Give me lots of information, even if you think it’s unnecessary. Why did you make this support request? I can’t speak for everyone, but when I ask for help it’s usually because I believe that someone out there has a much more comprehensive big picture and because I believe that they will have some insight that I don’t have. So why do I have any reason to believe some debugging information that I think is useless won’t help someone who is much more attuned to the software divine the problem? Furthermore, if I am only looking at support requests once every two weeks, you better hope you’ve given me enough information to figure it out when I actually look at your request.

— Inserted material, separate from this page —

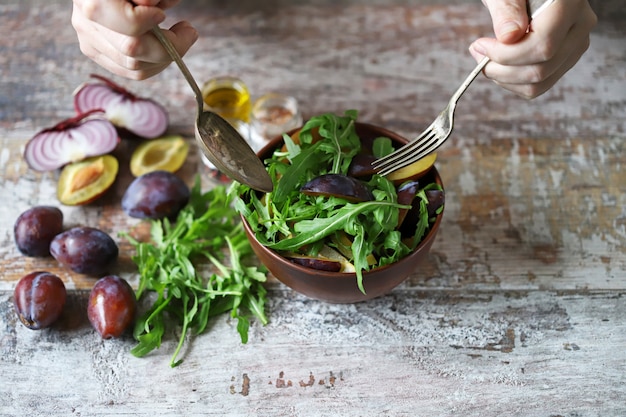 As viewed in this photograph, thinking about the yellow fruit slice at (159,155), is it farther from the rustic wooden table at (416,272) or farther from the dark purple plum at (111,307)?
the dark purple plum at (111,307)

Relatedly, don’t be tempted to “curate” the information: some of the worst debugging sessions I’ve had were because I misinterpreted some evidence I got, and then acted on that wrong assumption.
Make it easy for the maintainer to debug the problem. Minimal test cases, minimal test cases, minimal test cases. It’s even better if it’s running code that doesn’t require any setting up, but frequently the specific setup will have the information the maintainer needs to figure out your problem.
Do your own debugging. You’ve handed the maintainer a problem that they don’t know an answer off the top of their head to. It might be a real bug. If they’re particularly accommodating, they’ll try to recreate your problem and then debug it from their local setup; if they’re not, they’ll try simulating their debugging process through you. You can tell that this is the case when the start asking you for specific pieces of information or tweaks. Don’t let them initiate this lengthy and time-consuming process: do your own debugging. Because you are seeing the problem, you are the best person to actually debug it.
“But,” you might say, “Why should I voluntarily debug other people’s code!” This case is a little different: this is not legacy code where the original author is nowhere to be found: you have a benevolent upstream willing to help you out. You have someone to sanity check your results, tell you what tools to use (something like PHP will be easy to debug: just edit some source files; something like a C application is tougher, but gdb with debug symbols can work wonders), point you in the right direction and short-circuit the rest of the process when you tell them some key piece of information. The key bit is: if you have a question about the software, and you know an experiment you can run to answer that question, don’t ask: run the experiment.
Make me fix my documentation. I’m worried about answering your question, not necessarily about fixing my software. If there is some doc somewhere that was unclear, or some runtime check that could have prevented you from needing to ask your question, make me fix it by pointing it out! Different people absorb information differently, so it’s good if as many ways as possible to communicate some piece of information are available.